◆ Work request:
Exact copies of the lines from the one holding "江西省妇幼保健院隆鼻多少钱？改造难度决定价格" through the last line of the entries below are to be printed, with pictures omitted.

◆ Given records:
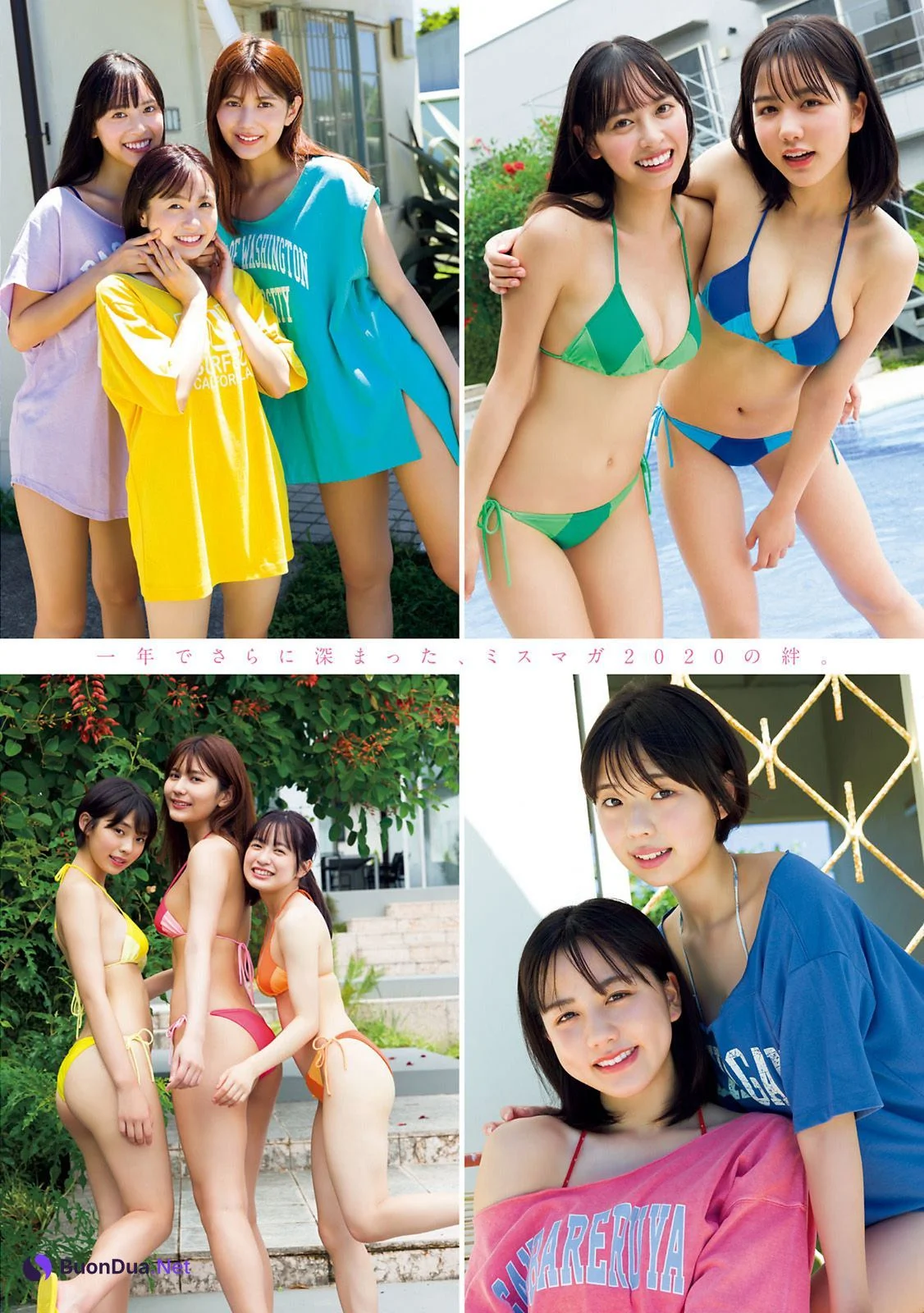 ミスマガジン2020, Young Magazine 2021 No.43 (ヤングマガジン 2021年43号) - Photo 7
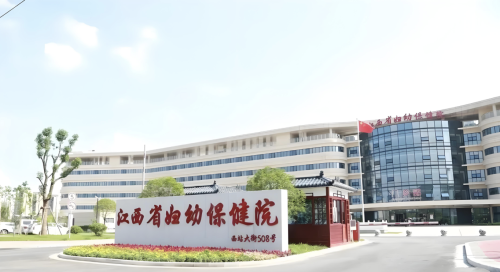 江西省妇幼保健院隆鼻多少钱？改造难度决定价格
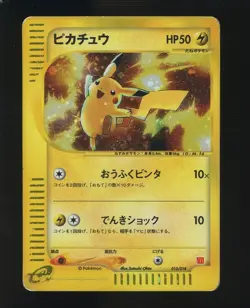 Pokemon Japanese 2002 McDonald's Pikachu Holo 010/018 with Swirl MP - Image 1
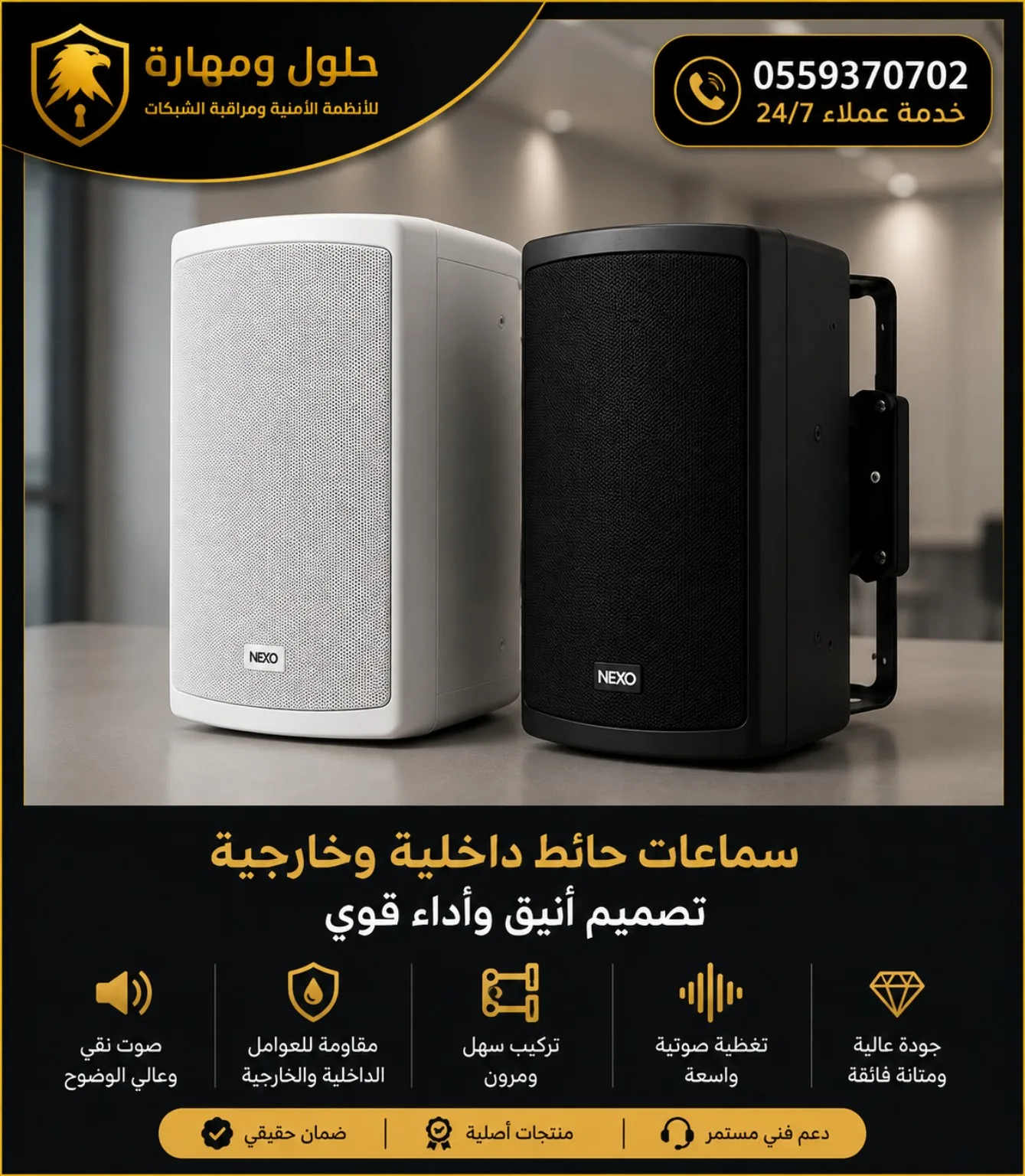 سماعات حائط داخلية وخارجية في الرياض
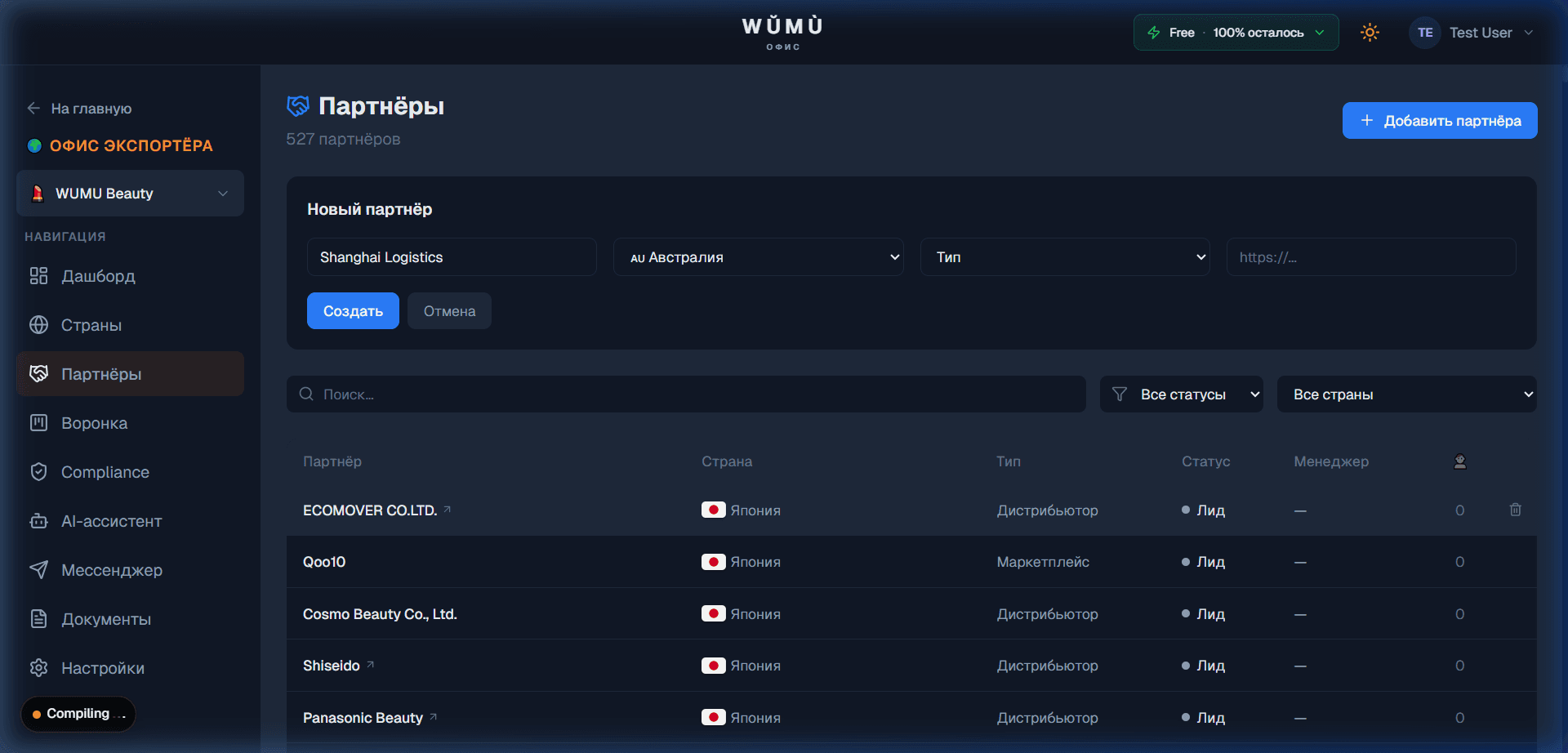 Командная работа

◆ Expected output:
 江西省妇幼保健院隆鼻多少钱？改造难度决定价格
 Pokemon Japanese 2002 McDonald's Pikachu Holo 010/018 with Swirl MP - Image 1
 سماعات حائط داخلية وخارجية في الرياض
 Командная работа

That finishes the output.